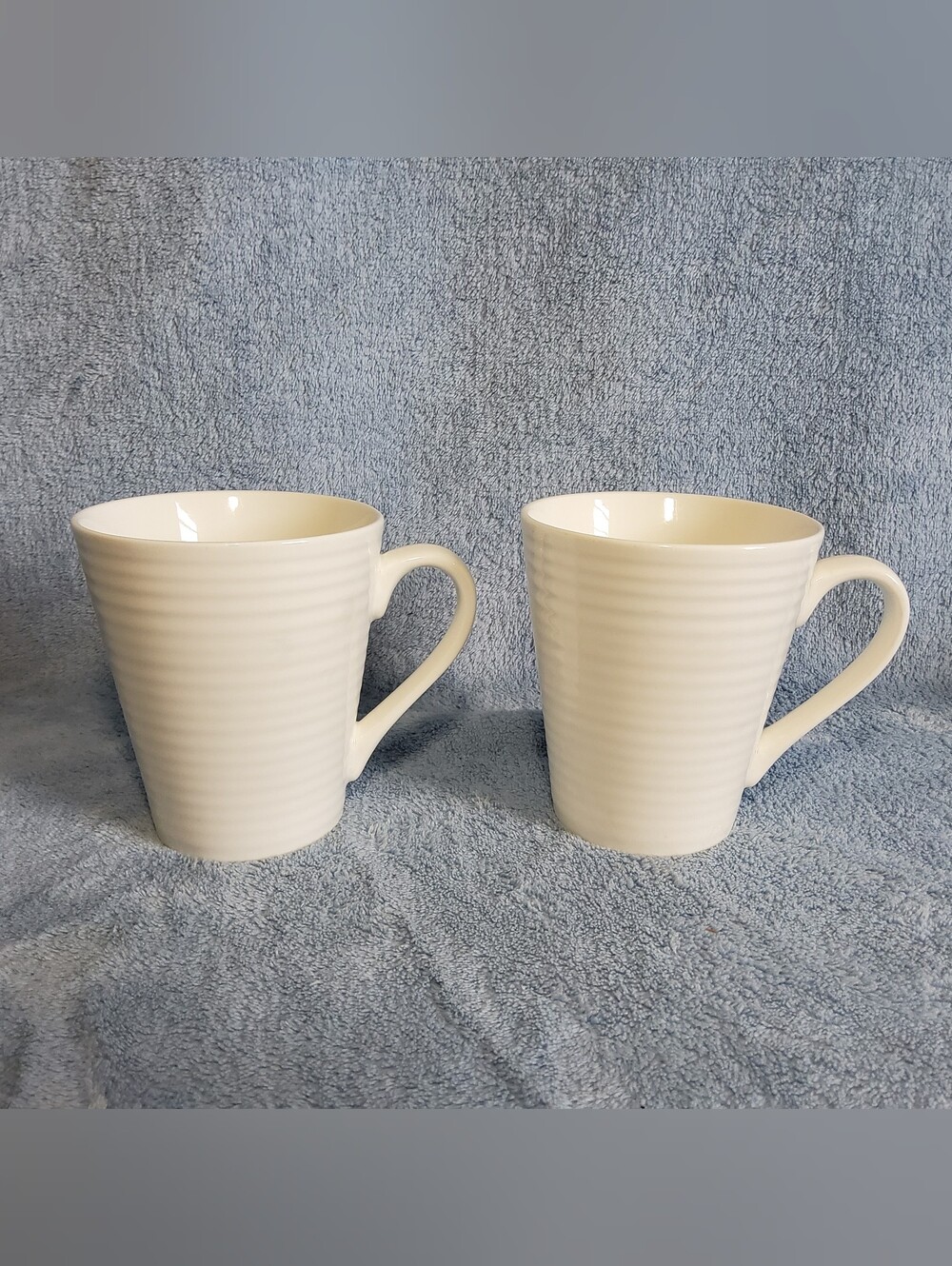 Food Network Stoneware White Coffee Cup Mug Ribbed 12 Oz Set Of 2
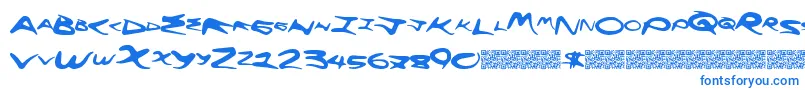 Flyinghigh Font – Blue Fonts on White Background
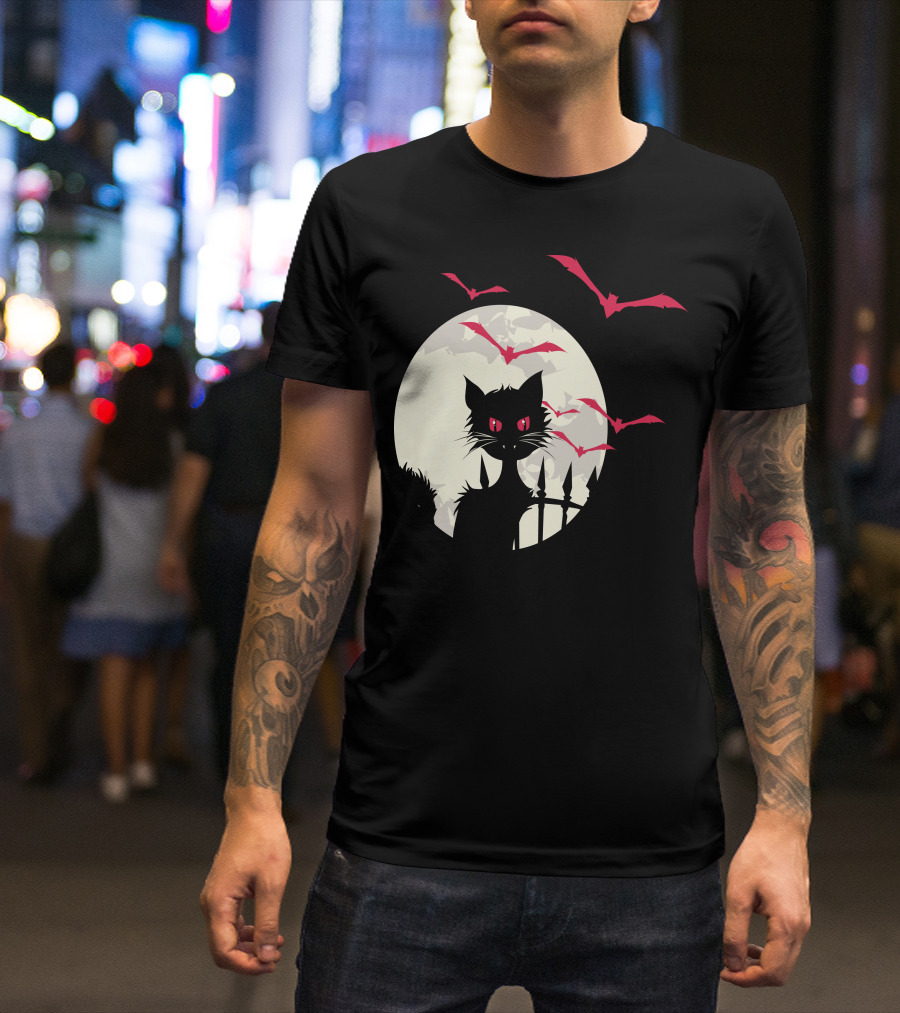 Halloween Cat With Red-Eyed Bats In Full Moon T-Shirt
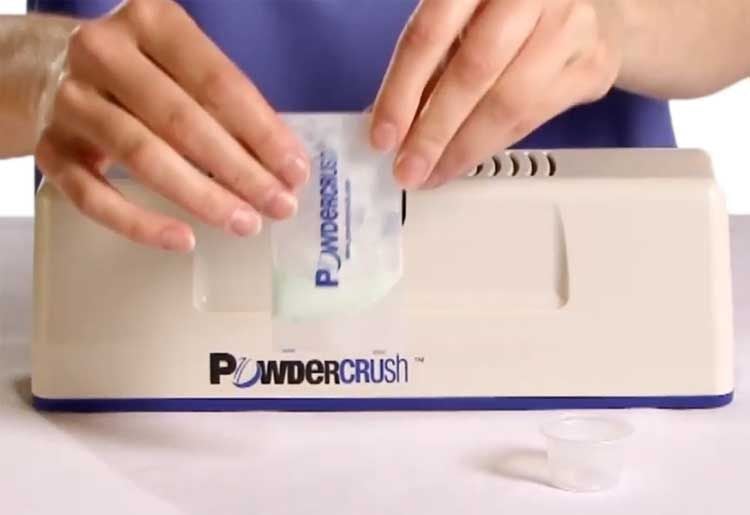 Place Pouch in Chamber for Medication Crushing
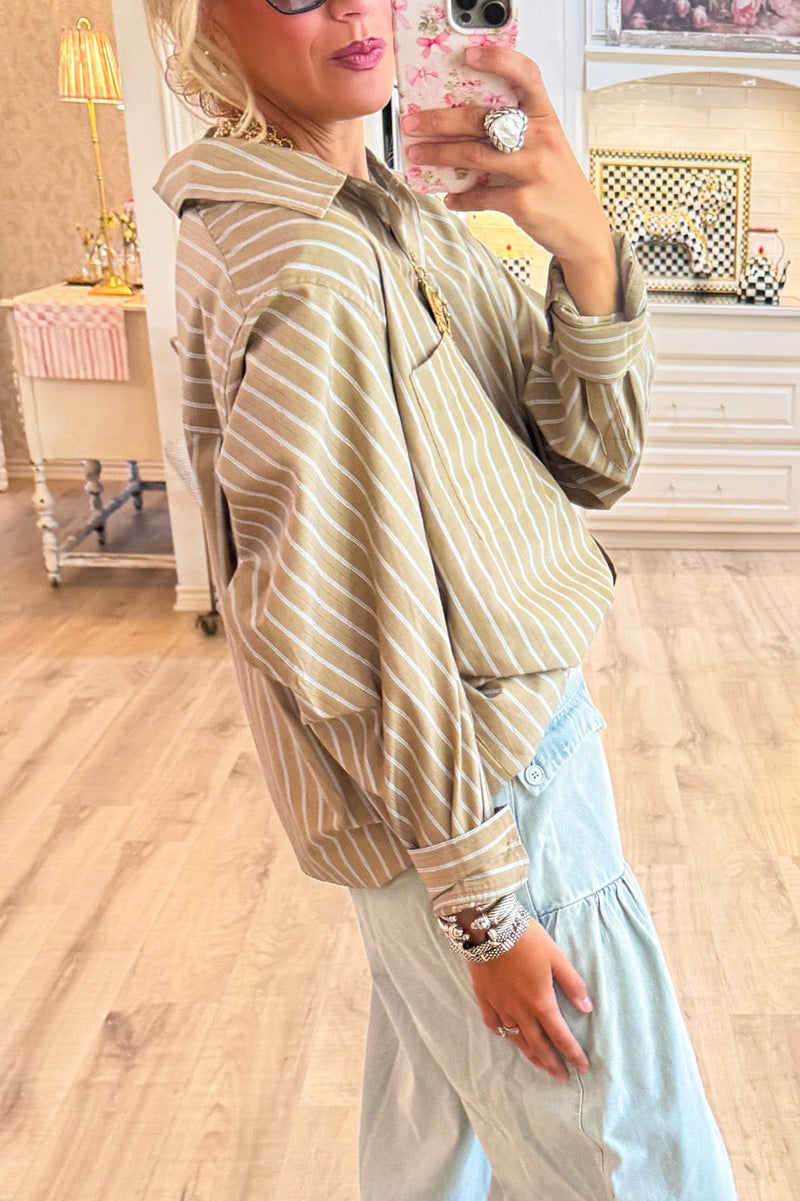 Casual Button Down Stripe Top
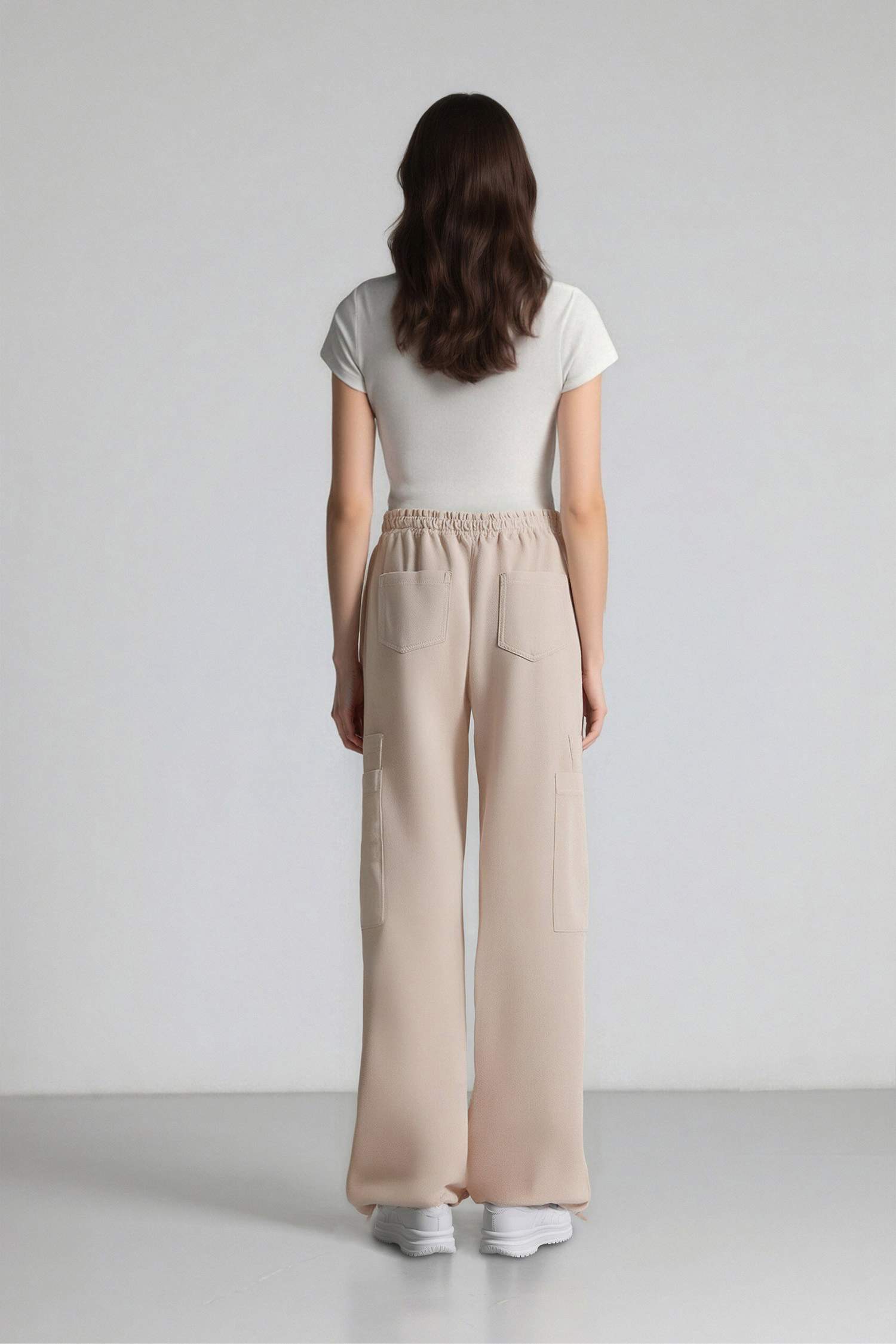 Wide Leg High Waist Linen Blend Cargo Pants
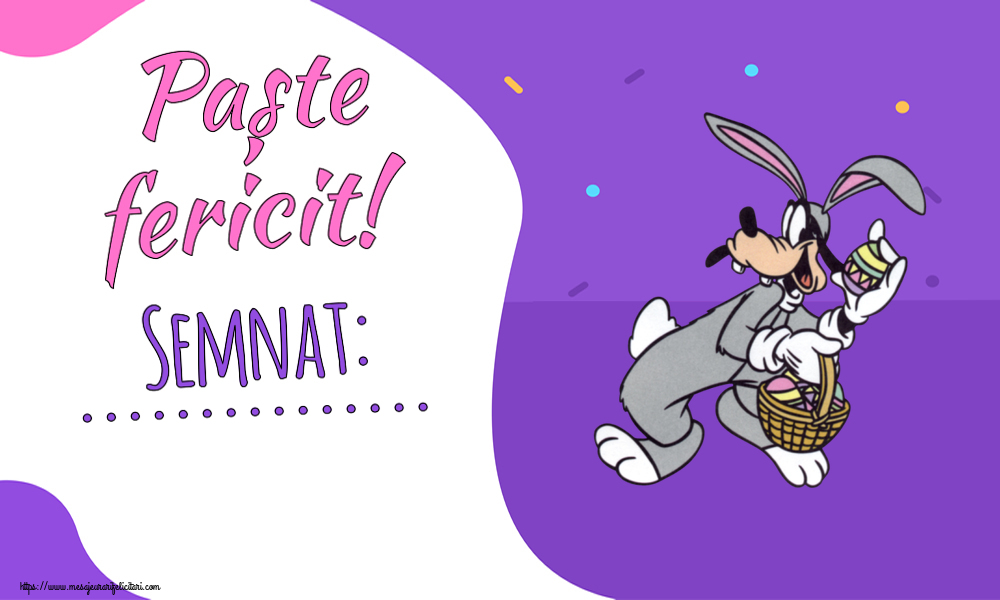 Felicitari personalizate de Paste - Paște fericit! Semnat: ... ~ Iepurilă cu un coș de ouă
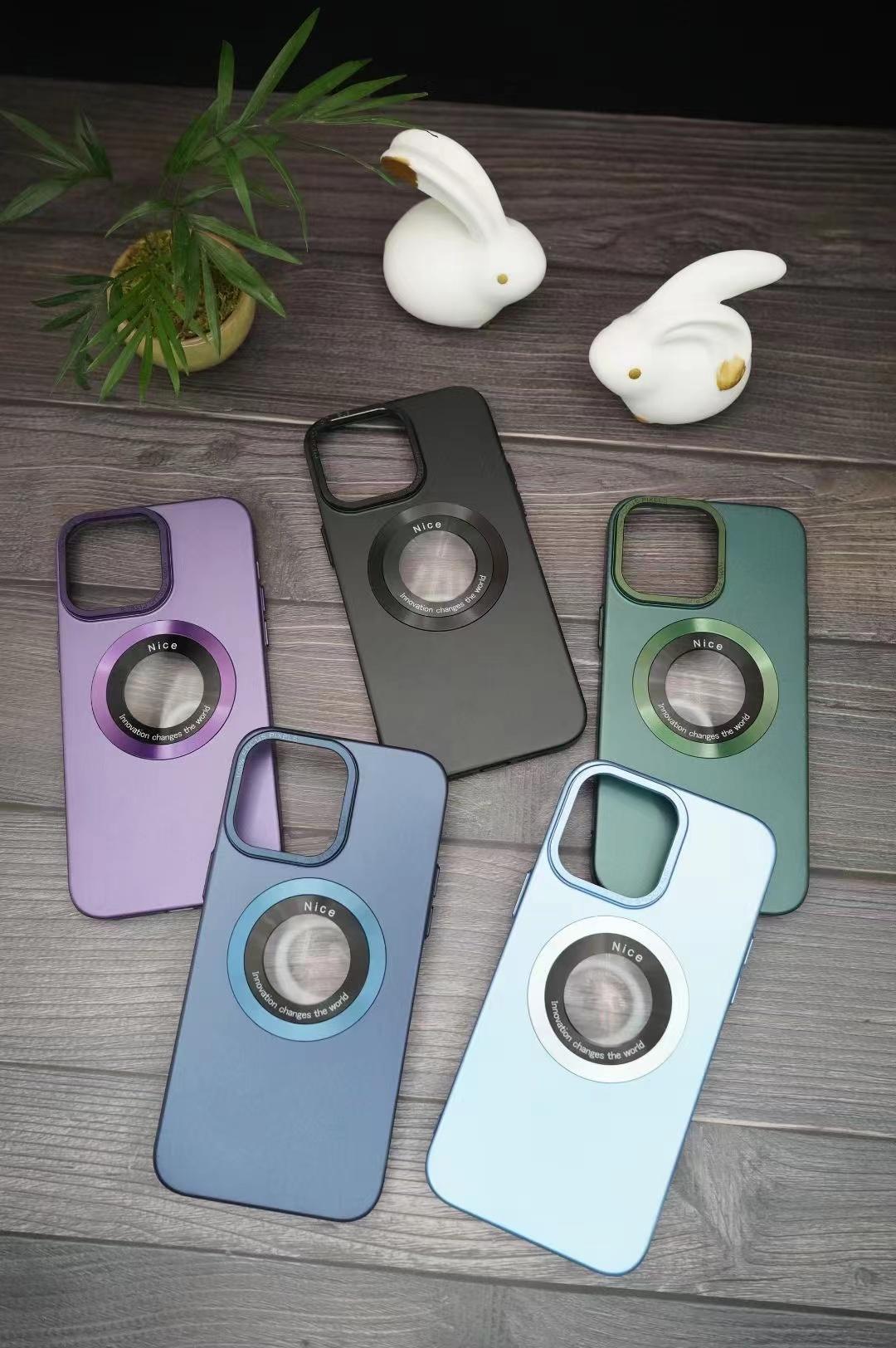 Open label magnetic metal plated lens frame phone case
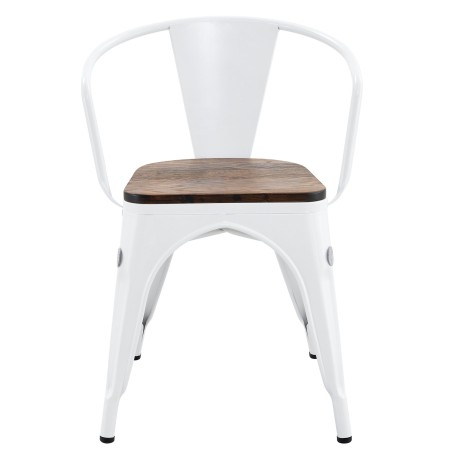Sillón TOL EK WOOD, acero, blanco, asiento madera-0
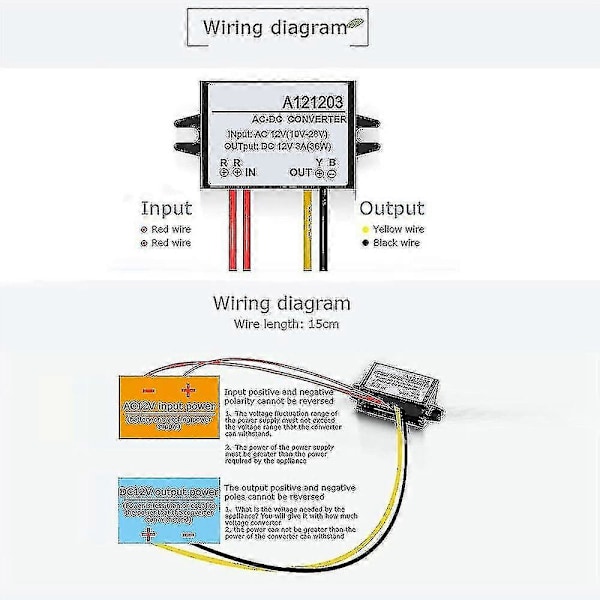 Vanntett Voltkonverter AC 10-28V til DC 12V Buck Converter AC-DC Strømmodul (3A)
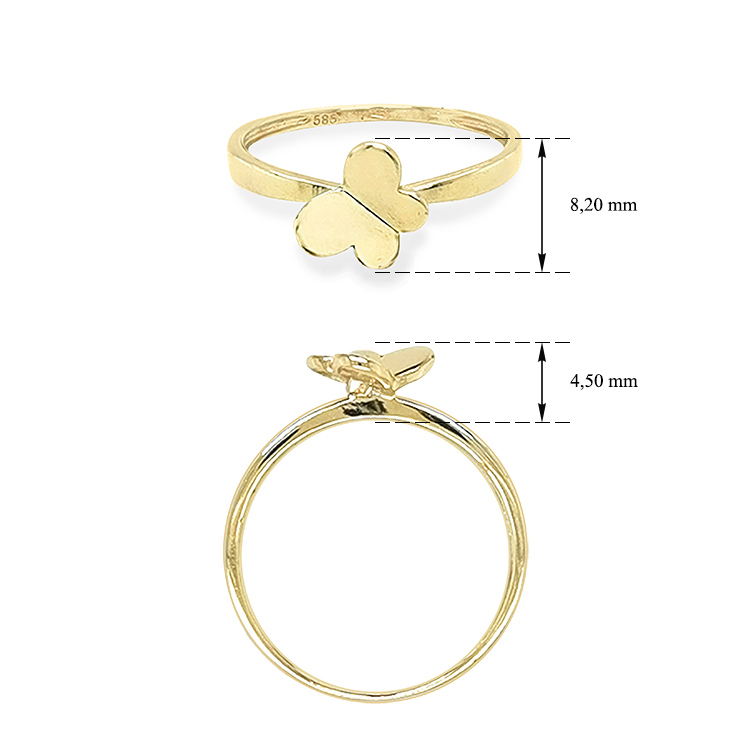 detail Zlatý Prsten ve Tvaru Motýla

——————

In the copy, keep every line of the data above exactly and drop each picture.

Task result
 Food Network Stoneware White Coffee Cup Mug Ribbed 12 Oz Set Of 2
 Flyinghigh Font – Blue Fonts on White Background
 Halloween Cat With Red-Eyed Bats In Full Moon T-Shirt
 Place Pouch in Chamber for Medication Crushing
 Casual Button Down Stripe Top
 Wide Leg High Waist Linen Blend Cargo Pants
 Felicitari personalizate de Paste - Paște fericit! Semnat: ... ~ Iepurilă cu un coș de ouă
 Open label magnetic metal plated lens frame phone case
Sillón TOL EK WOOD, acero, blanco, asiento madera-0
 Vanntett Voltkonverter AC 10-28V til DC 12V Buck Converter AC-DC Strømmodul (3A)
 detail Zlatý Prsten ve Tvaru Motýla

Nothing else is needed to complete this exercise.